Boston Harbor[walk] Focused on the Original HarborPark Plan
The 1984 Harborpark concept proposed a seven mile waterfront pedestrian walkway from Fan Pier, over the Moakley Bridge, around the Wharf District and North end, across the Charles River Dam, and over to Pier 4 in the Navy Yard. For our third walk, we got to see the extent to which that original vision has been realized as Boston Harbor Now explored the Fort Point Channel and then walked north along the downtown waterfront. Most of this waterfront is now as accessible as this map had envisioned with the exception of the Coast Guard headquarters and a few historic piers.
The walk began at Martin’s Park, where a patch of grass over the Silver Line tunnel has been transformed into a dynamic playscape, densely landscaped, and prepared for the predicted flooding along the Fort Point Channel. Chris Cook, Boston’s Chief of Energy, Environment, and Open Space, kicked off the walk by sharing the history of the Richards family and the objectives of the accessible and resilient park, which opened in June.
Walking south along the Fort Point Channel, we had to traverse stairs on either side of Summer Street — a reminder that the otherwise flat neighborhood has a complicated topography from the days when some roads were elevated above the rail lines that served the piers. Continuing along, we passed the projects that are underway, including the former GE site, which has new benches and trash cans, and the area being redesigned through the Fort Point District 100 Acres Open Space planning process. We also passed the way-finding bouys of the South Bay Harbor Trail that will eventually connect Ruggles Station with the South Boston waterfront via this section of Harborwalk.

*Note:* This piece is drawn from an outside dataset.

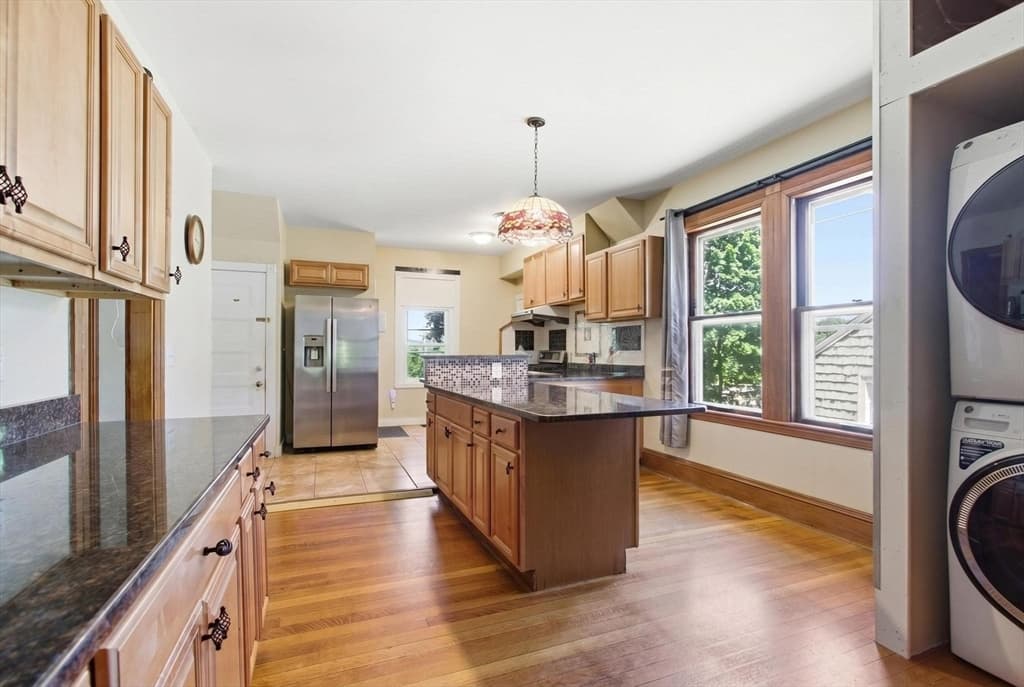 Single Family Residence at 305 Central St, Newton MA 02466, photo 9 of 38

The US Post Office facilities make a long stretch along the western edge of the channel inaccessible to the public, but at Summer Street we crossed over to downtown and continued north. At Independence Wharf, we paused to look at the extensive signage indicating the historic significance of the site, the availability of rooftop access, the number of the Chapter 91 license, and the continuation of the Harborwalk under the building.
When we discovered that the stairs next to the Northern Avenue Bridge were closed, we walked around 400 Atlantic on the sidewalk to return to the Harborwalk. The small section behind the building was one of the original pieces of the Harborwalk that the City insisted upon in the early days of the process. Lorraine Downey, who chaired the Harborpark committee, recalls seeing people climb over the fence to eat their lunch there and knowing then that the new guidelines were going to eventually create the public space that was envisioned.
At the New England Aquarium, we were met by Taylor Engelsman, who pointed out the buoy marking the intake pipe that brings all the salt water used in the Aquarium up from the Harbor. The 50 year old institution predated the creation of the Harborwalk, but it has evolved with it and created public space all the way around the site. And there’s a grander vision for the future: a “Blueway” that would stretch from Atlantic Avenue out and around the buildings and create path connections down to the water so people could admire the sea life that swims right in the Harbor and not just the animals inside.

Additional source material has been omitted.